*** EXCERPTED RECORDS ***

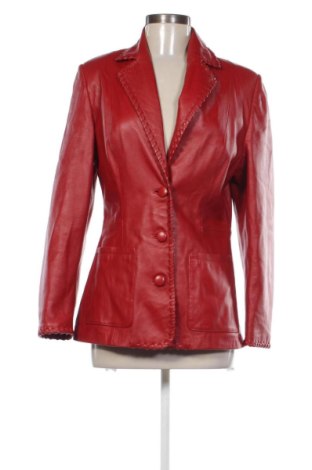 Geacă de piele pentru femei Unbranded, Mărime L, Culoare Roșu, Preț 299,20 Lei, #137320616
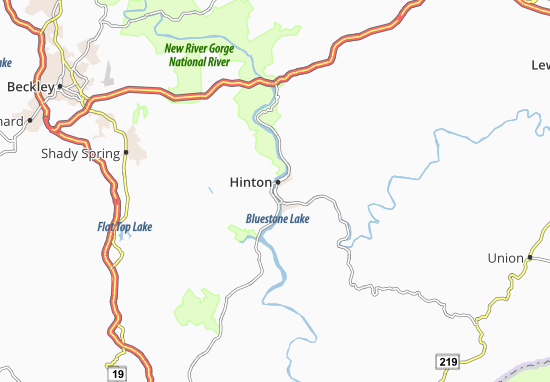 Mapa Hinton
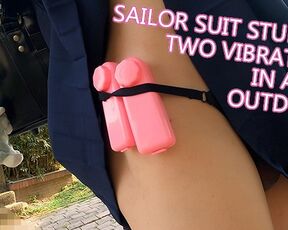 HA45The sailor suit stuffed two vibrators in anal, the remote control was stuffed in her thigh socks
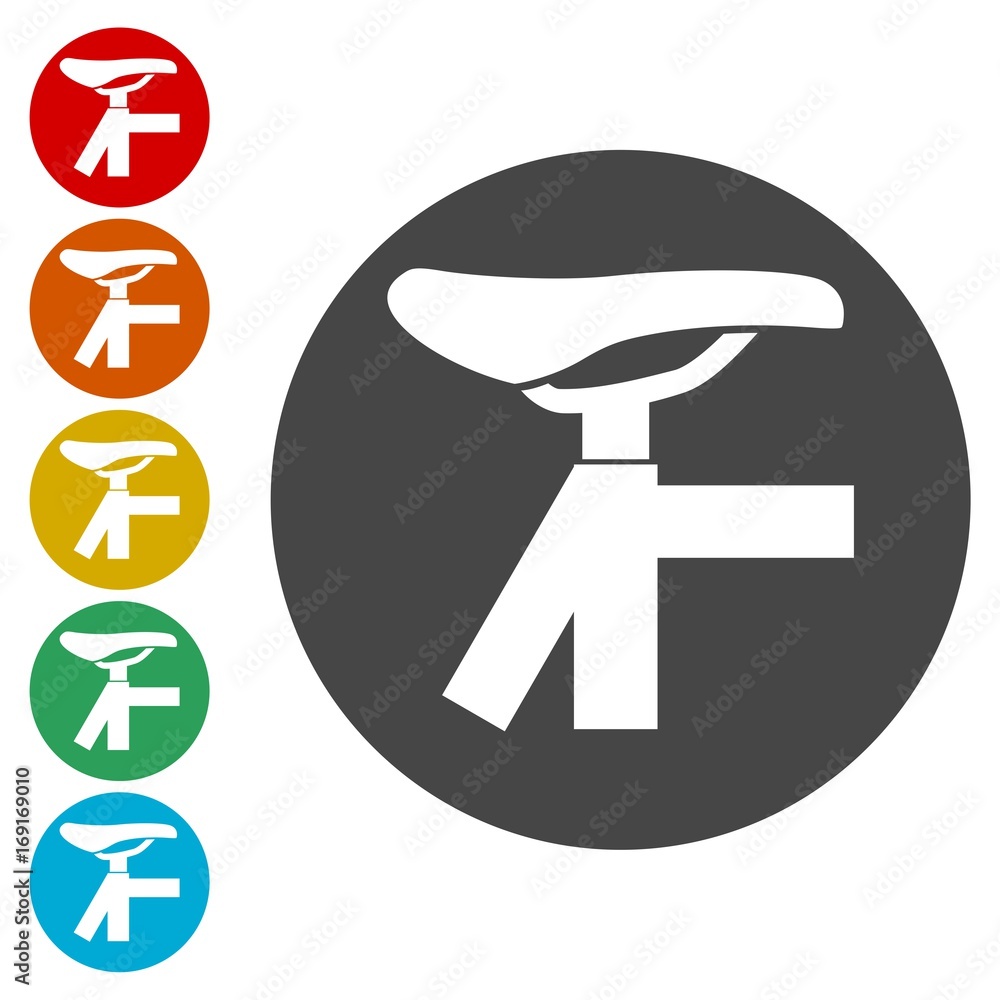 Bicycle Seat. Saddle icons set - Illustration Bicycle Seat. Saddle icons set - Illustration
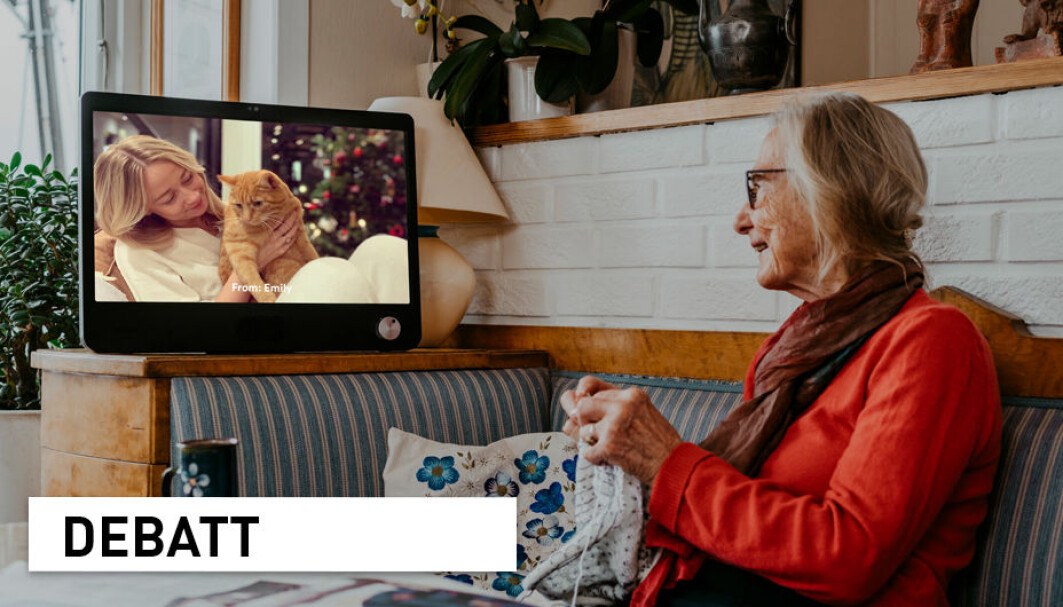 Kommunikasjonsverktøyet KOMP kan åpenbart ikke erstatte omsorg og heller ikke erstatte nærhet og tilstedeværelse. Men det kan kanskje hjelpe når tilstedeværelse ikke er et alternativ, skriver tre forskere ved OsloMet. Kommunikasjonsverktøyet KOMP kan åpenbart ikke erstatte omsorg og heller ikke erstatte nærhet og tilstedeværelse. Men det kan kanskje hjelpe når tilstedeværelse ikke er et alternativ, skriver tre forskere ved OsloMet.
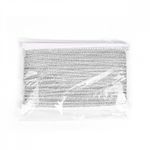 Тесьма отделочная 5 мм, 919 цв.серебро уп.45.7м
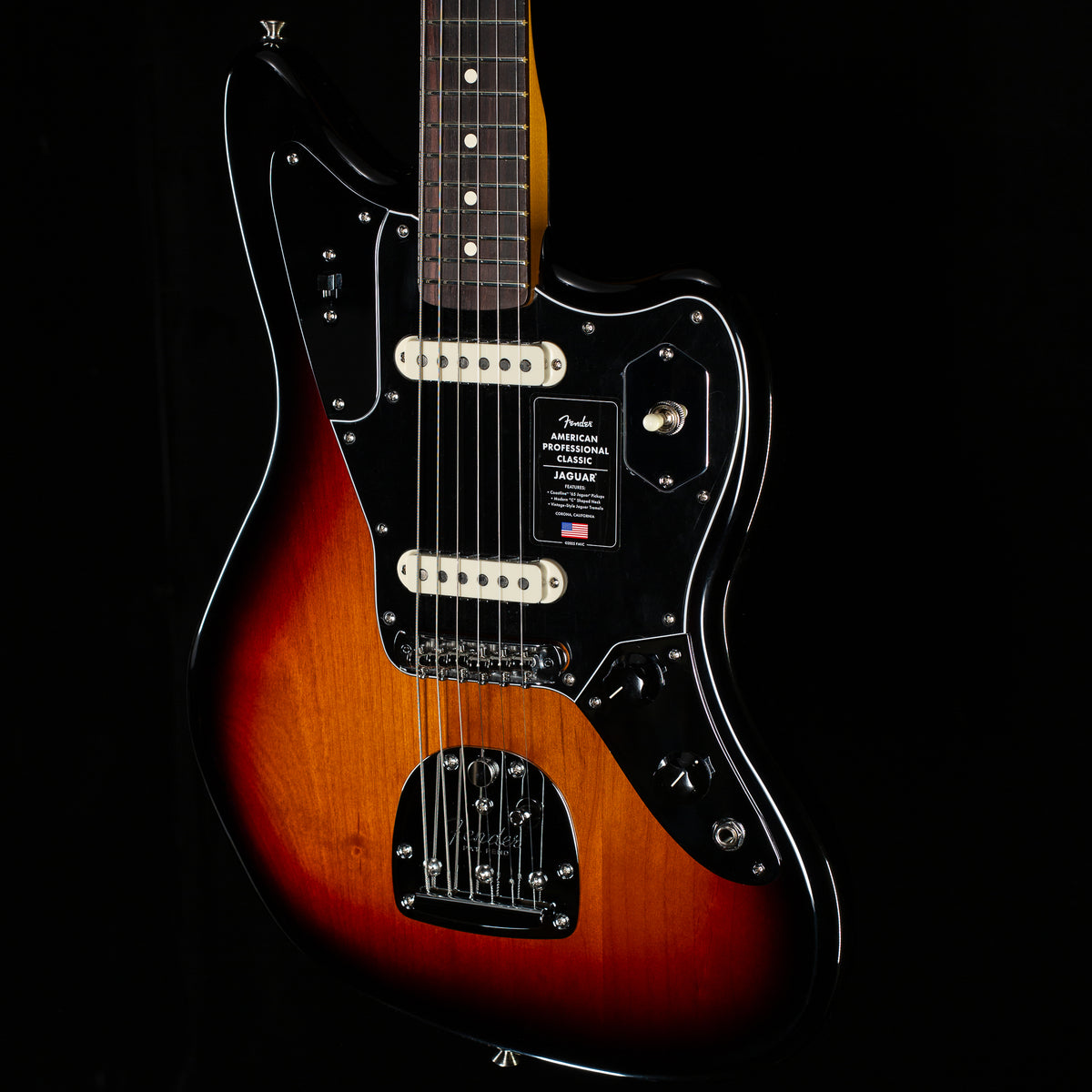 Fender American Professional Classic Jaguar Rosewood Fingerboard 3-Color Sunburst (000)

***

ASSIGNMENT »
Please reproduce the listing exactly, leaving out any pictures.

TASK OUTPUT »
 Geacă de piele pentru femei Unbranded, Mărime L, Culoare Roșu, Preț 299,20 Lei, #137320616
 Mapa Hinton
 HA45The sailor suit stuffed two vibrators in anal, the remote control was stuffed in her thigh socks
 Bicycle Seat. Saddle icons set - Illustration Bicycle Seat. Saddle icons set - Illustration
 Kommunikasjonsverktøyet KOMP kan åpenbart ikke erstatte omsorg og heller ikke erstatte nærhet og tilstedeværelse. Men det kan kanskje hjelpe når tilstedeværelse ikke er et alternativ, skriver tre forskere ved OsloMet. Kommunikasjonsverktøyet KOMP kan åpenbart ikke erstatte omsorg og heller ikke erstatte nærhet og tilstedeværelse. Men det kan kanskje hjelpe når tilstedeværelse ikke er et alternativ, skriver tre forskere ved OsloMet.
 Тесьма отделочная 5 мм, 919 цв.серебро уп.45.7м
 Fender American Professional Classic Jaguar Rosewood Fingerboard 3-Color Sunburst (000)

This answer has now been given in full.